What part of SC are you from Dozier?


----------



## FFDOZIER (May 17, 2011)

I'm from Loris which is about 20 miles inland from Little River and North Myrtle Beach.


----------



## FFDOZIER (May 20, 2011)

So BassPro is having there take 6 months to pay deal going on right now so I'm thinking about going ahead a buying a trolling motor for the Bow. My question is what size thrust do I need to effieciently push this little boat. I used to have a 1436 Sylvan with an older 42 lb thrust troller on the front and it pushed it fine but there were times where I felt I could have used more.
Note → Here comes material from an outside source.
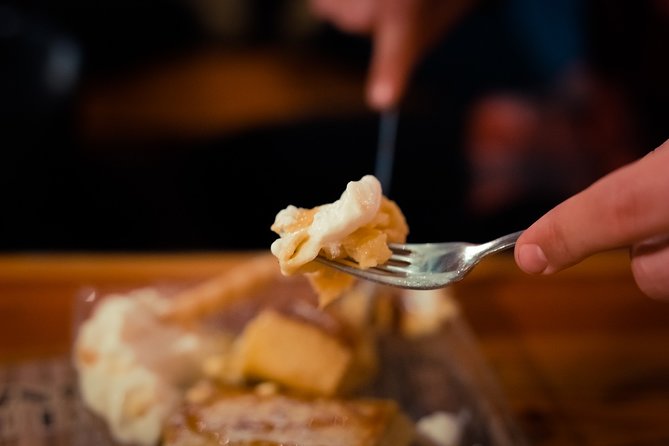 Krakow: 6-Course Full Polish Food & Vodka Tour - Beef stew, potato pancakes, and a hearty middle course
But that boat have a 20 hp motor on the back and this one will have just another trolling motor back there. Do you guys thinka 45 lb thrust will do the job. I rarely fish any heavy current if ever. Thanks


----------



## FFDOZIER (May 20, 2011)

Right now I'm looking at the Minn Kota Edge Trolling Motors if that helps. Any opinions on these?


----------



## FFDOZIER (May 21, 2011)

I just got word today from my Father-in-Law that he has a trailer for me. A fellow traded him a trailer for doing some work on a golf cart. I just have to make the 3 hour drive to pick it up sometime in the next couple of weeks. He said the guy described it as a rather nice galvanized trailer.

I also ran to Bass Pro today and picked up the seat pedestals, bow and stern lights, and a battery case.


----------



## slabdaddy (May 22, 2011)

45 lb thrust will plane that little tin; have fished all over your neck from the mouth of Little Pee Dee and the Lumber and on down towards Gal-Ferry! Prefer transom- mount personally; Good Luck!  8)


----------



## taterosu (May 23, 2011)

Mine is a 35 lb thrust but I havent got to try it yet. Just going from the guy I got the boat from he said it was plenty. He mostly fished small farm pond and never really had an out board. Good luck on the build.


----------



## FFDOZIER (May 26, 2011)

I just order the Minn Kota Edge 45 lb Thrust Trolling motor with the foot control and my carpet from Bass Pro. Just waiting for it to come in and then I'll get some more pics up. Definitely ready to get this boat on the water. I do have one question. I know the edge series motors don't come with a plug. From what I understand they come ready for direct connection to the battery. Since I plan on having a battery solely to be used for this trolling motor do I need to install a plug or just connect it straight to the battery.


----------



## BaitCaster (May 26, 2011)

That's one great father-in-law you have!


----------



## Ictalurus (May 26, 2011)

My MinnKota Edge came with the alligator clips for connection to the battery. I cut those off and attached the male plug, my battery isn't close enough to directly connect. The clips supplied with the motor will work fine.


----------



## FFDOZIER (May 26, 2011)

Ictalurus said:


> My MinnKota Edge came with the alligator clips for connection to the battery. I cut those off and attached the male plug, my battery isn't close enough to directly connect. The clips supplied with the motor will work fine.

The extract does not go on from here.